_WHAT YOU ARE ASKED TO DO_. Leaving out all pictures, write down exactly the lines from the one containing "画像1: 4inch/ウィッグ A-25-10-15-341-NY-ZA" through the last line of the material.

_EXERCISE DATA_.
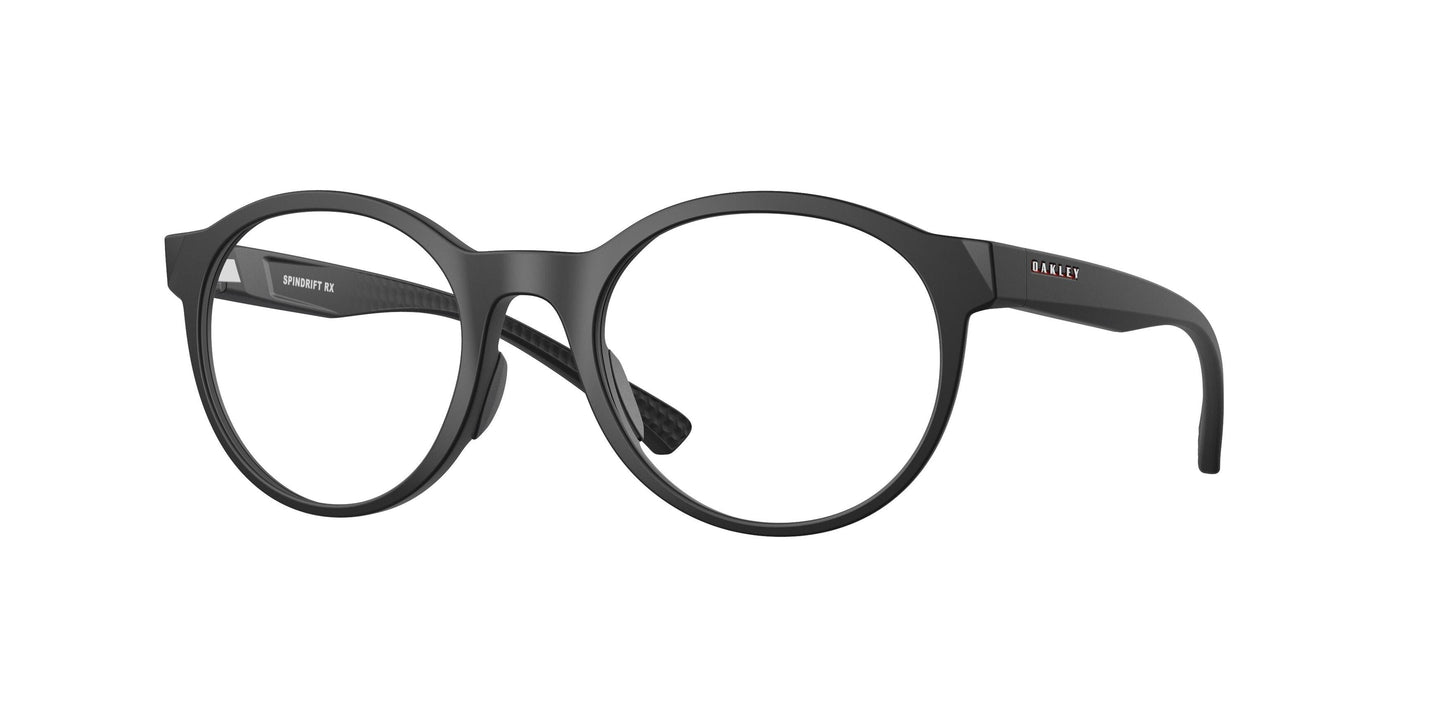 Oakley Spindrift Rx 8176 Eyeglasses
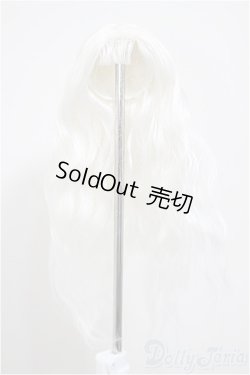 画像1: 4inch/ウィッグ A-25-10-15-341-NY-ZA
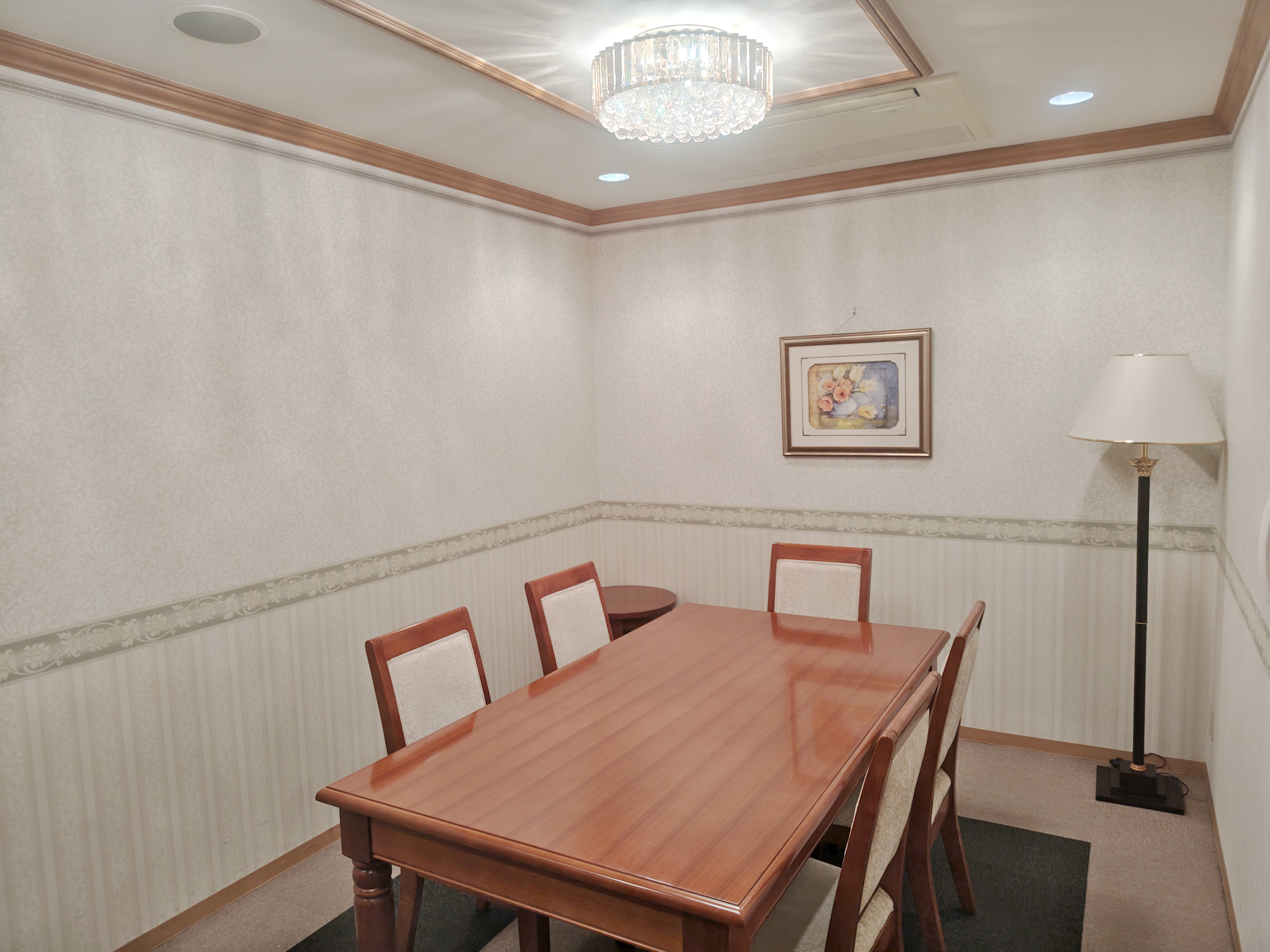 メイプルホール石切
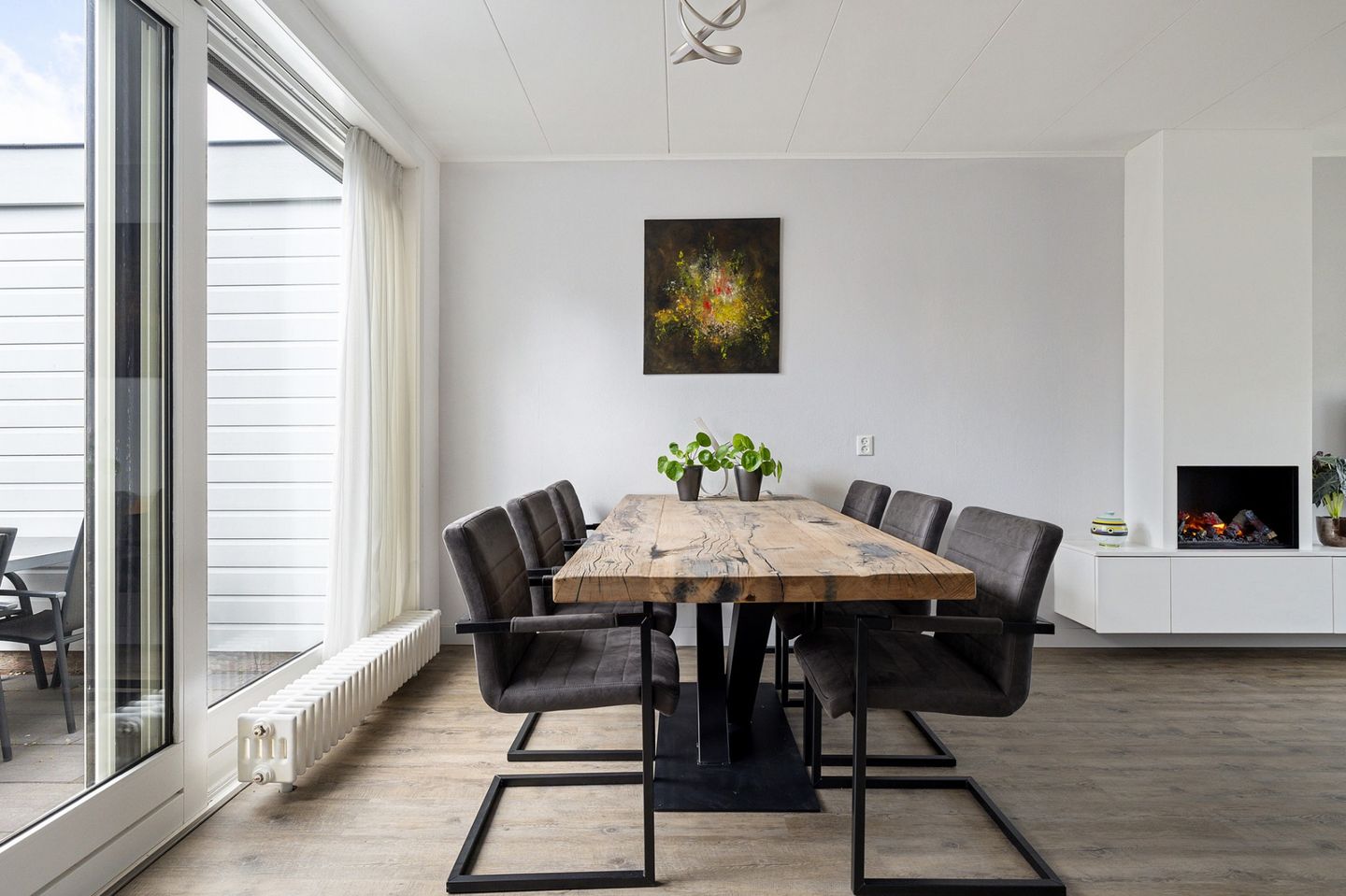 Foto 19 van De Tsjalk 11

_ANSWER TO THIS TASK_.
 画像1: 4inch/ウィッグ A-25-10-15-341-NY-ZA
 メイプルホール石切
 Foto 19 van De Tsjalk 11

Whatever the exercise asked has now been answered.